▸ Problem description:
All lines from the opening of the entries below through the line containing "Christie Crest Tartan" must be output exactly as they appear, with no other lines.

▸ Records excerpted from a collection:
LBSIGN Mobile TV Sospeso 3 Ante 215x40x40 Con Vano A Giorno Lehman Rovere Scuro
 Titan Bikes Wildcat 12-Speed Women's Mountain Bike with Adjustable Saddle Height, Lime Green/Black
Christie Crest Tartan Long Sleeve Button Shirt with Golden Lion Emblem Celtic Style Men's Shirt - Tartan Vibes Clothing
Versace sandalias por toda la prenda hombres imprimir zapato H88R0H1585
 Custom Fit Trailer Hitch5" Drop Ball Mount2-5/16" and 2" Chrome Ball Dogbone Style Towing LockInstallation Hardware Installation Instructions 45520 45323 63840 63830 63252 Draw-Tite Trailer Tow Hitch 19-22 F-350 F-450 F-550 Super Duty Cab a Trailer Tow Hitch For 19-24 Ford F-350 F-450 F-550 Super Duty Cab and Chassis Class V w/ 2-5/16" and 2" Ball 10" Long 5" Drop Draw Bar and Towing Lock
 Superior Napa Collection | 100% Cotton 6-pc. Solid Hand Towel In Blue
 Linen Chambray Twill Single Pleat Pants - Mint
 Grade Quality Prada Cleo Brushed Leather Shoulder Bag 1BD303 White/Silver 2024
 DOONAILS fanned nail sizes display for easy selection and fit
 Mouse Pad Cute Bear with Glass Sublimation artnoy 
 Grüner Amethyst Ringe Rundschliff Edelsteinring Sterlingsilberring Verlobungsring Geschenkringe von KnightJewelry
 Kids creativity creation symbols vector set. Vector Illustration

▸ Exercise solution:
LBSIGN Mobile TV Sospeso 3 Ante 215x40x40 Con Vano A Giorno Lehman Rovere Scuro
 Titan Bikes Wildcat 12-Speed Women's Mountain Bike with Adjustable Saddle Height, Lime Green/Black
Christie Crest Tartan Long Sleeve Button Shirt with Golden Lion Emblem Celtic Style Men's Shirt - Tartan Vibes Clothing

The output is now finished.